In early November, scientists at the Wellcome Trust Sanger Institute had found that Plasmodium falciparum -- the deadliest strain of malaria parasite -- relies on a single receptor, known as 'basigin', on the surface of red blood cells to invade the cell.
The parasite attaches a protein -- the antigen RH5 -- to the receptor, in a sense 'unlocking' the doorway for the parasite to enter the red blood cell. Once there, it grows and replicates, causing potentially life-threatening disease.
Now, a team of scientists led by Dr Simon Draper from the Jenner Institute at the University of Oxford, demonstrated that a vaccine they have developed induces an antibody response in animal models capable of neutralising all the tested strains of the P. falciparum parasite.

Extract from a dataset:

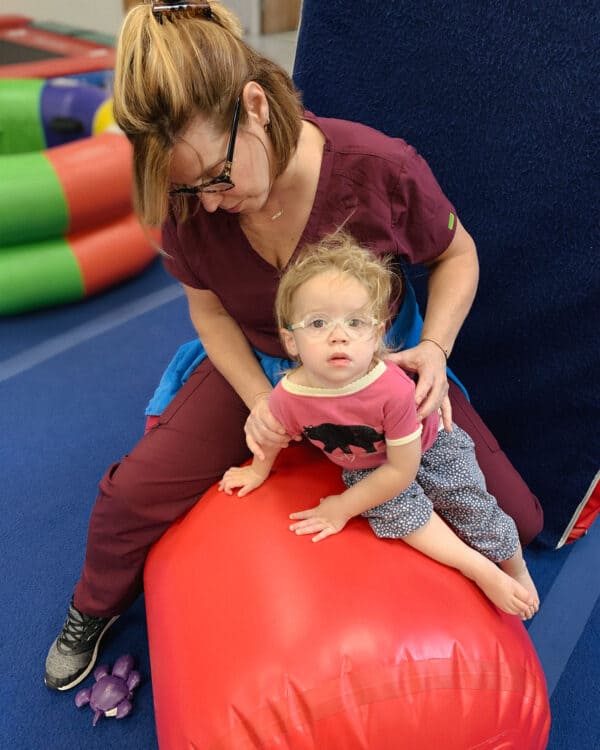 A photo of a therapist working with her client on an air barrel.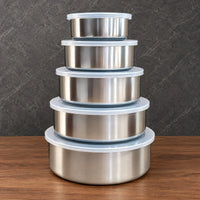 Nested round stainless steel food storage containers with translucent lids beside product packaging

'Our initial finding, reported last month, was unexpected and completely changed the way in which we view how the malaria parasite invades red blood cells,' said Gavin Wright, of the Wellcome Trust Sanger Institute, who co-authored the study that published in the journal Nature Communications.
'It revealed what we think is the parasite's Achilles' heel in the way it invades our cells and provided a target for potential new vaccines.'
Dr Sandy Douglas, first author on the new study, added: 'We have created a vaccine that confirms the recent discovery relating to the biology of RH5, given it can generate an immune response in animal models capable of neutralising many -- and potentially all -- strains of the P. falciparum parasite.
'It is an important step towards developing a much-needed vaccine against one of the world's major killers.'
According to the researchers, the antigens of the malaria parasite are often genetically very diverse as they are forced to evolve to stay one step ahead of the immune system and avoid recognition by antibodies.
However, the RH5 antigen appears to have little genetic diversity. The researchers believe that this is because even people who have been naturally and repeatedly exposed to malaria have low or undetectable levels of antibodies that target this particular antigen.
These very low levels of antibody would be insufficient to kill the parasites, and hence would not exert a selective pressure for the antigen to evolve variability, they said.
Prof Adrian Hill, a Wellcome Trust senior investigator at the University of Oxford, said: 'Vaccines against malaria are notoriously difficult to develop because the parasites' antigens 'the target of vaccines' tend to be genetically so diverse. The RH5 antigen doesn't show this diversity, making it a particularly good target for a vaccine to exploit.
'Our next step will be to begin safety tests of this vaccine. If these prove successful, we could see clinical trials in patients beginning within the next two to three years.'
According to the World Malaria Report 2010, malaria killed an estimated 781,000 people in 2009, mainly young children and pregnant women.